Task requirements >>
Among the entries below, one line contains "So when we have" and another contains "You will now see". Transcribe those two lines and every line between them, exactly.

Information shown >>
◆ ◆ ◆ ◆
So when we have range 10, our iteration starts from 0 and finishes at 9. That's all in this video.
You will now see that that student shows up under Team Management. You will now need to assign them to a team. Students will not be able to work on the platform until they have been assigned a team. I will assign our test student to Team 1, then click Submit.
◆ ◆ ◆ ◆
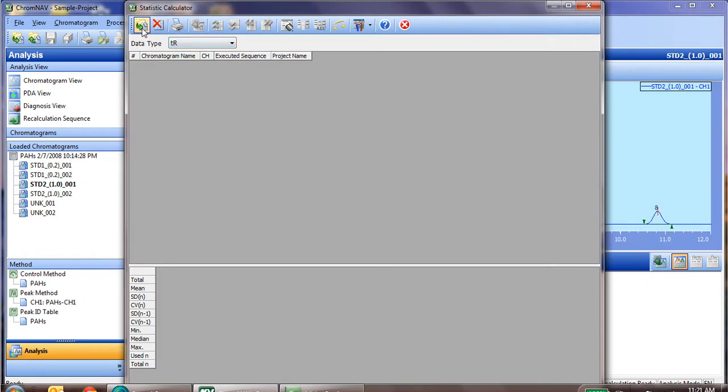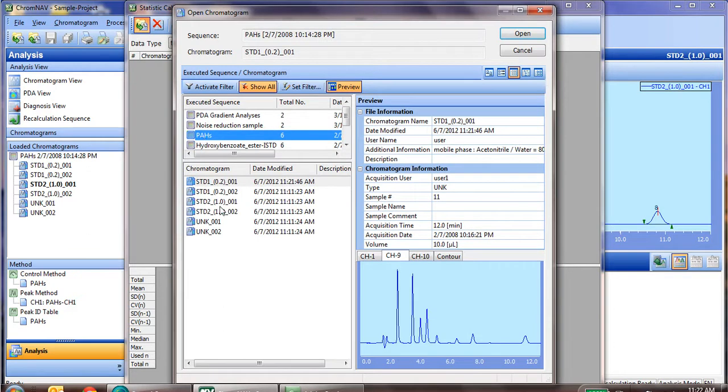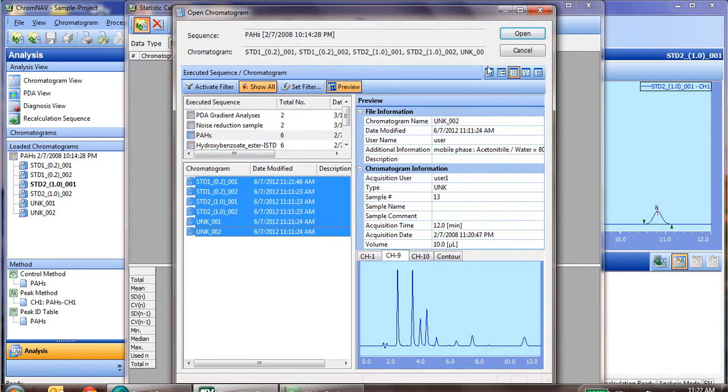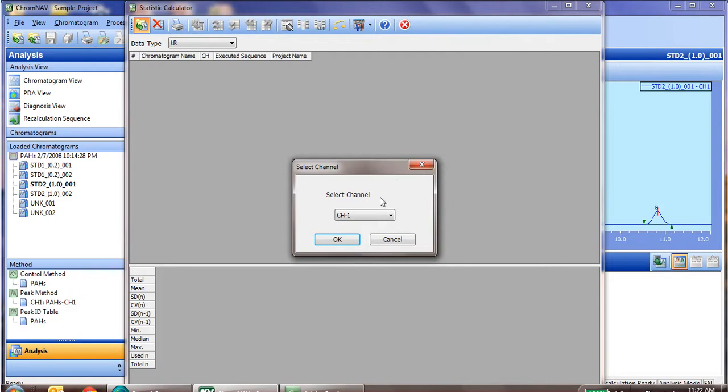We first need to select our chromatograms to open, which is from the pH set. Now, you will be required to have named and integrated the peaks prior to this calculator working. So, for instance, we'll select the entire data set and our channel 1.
◆ ◆ ◆ ◆
Exercise solution >>
So when we have range 10, our iteration starts from 0 and finishes at 9. That's all in this video.
You will now see that that student shows up under Team Management. You will now need to assign them to a team. Students will not be able to work on the platform until they have been assigned a team. I will assign our test student to Team 1, then click Submit.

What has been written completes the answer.